INFORMATION GIVEN:
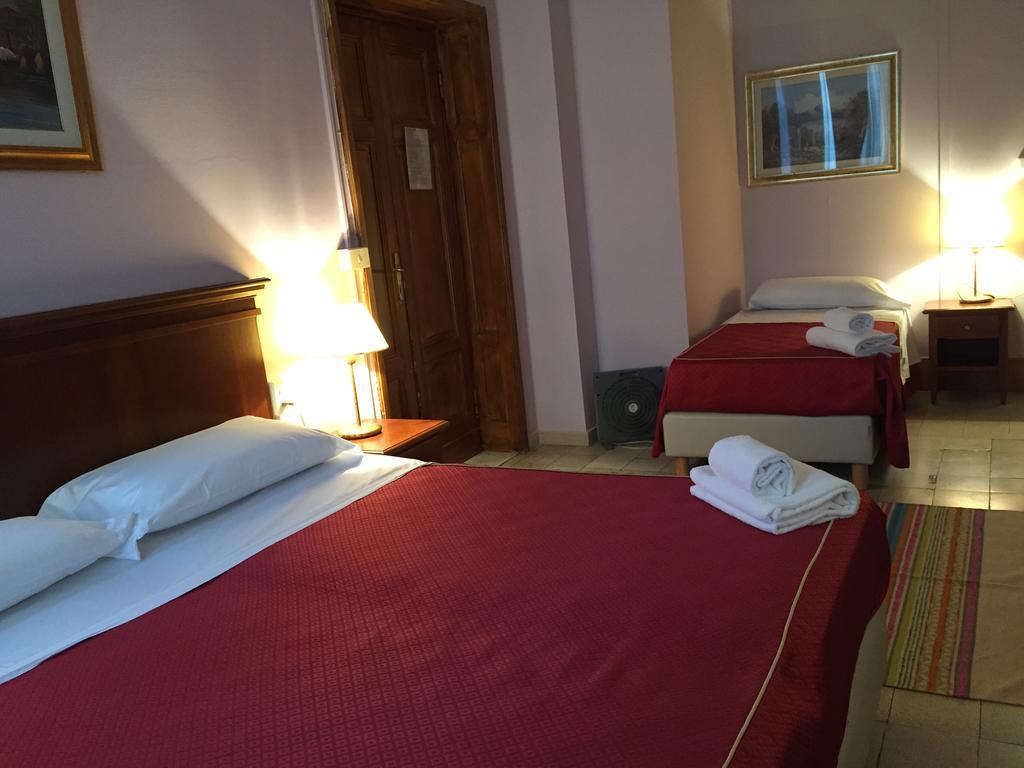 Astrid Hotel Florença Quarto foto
==
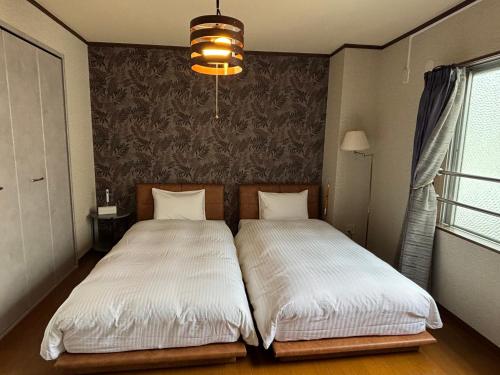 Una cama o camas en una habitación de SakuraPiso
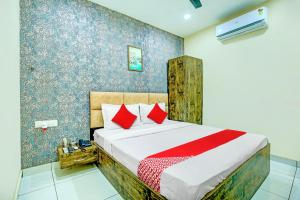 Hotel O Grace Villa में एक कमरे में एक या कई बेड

ASSIGNED TASK: If a picture sits between the line containing "Una cama o camas" and the line containing "Hotel O Grace", leave it out, and return the lines of that range above exactly, both ends included.

OUTPUT FOR THIS EXERCISE:
 Una cama o camas en una habitación de SakuraPiso
 Hotel O Grace Villa में एक कमरे में एक या कई बेड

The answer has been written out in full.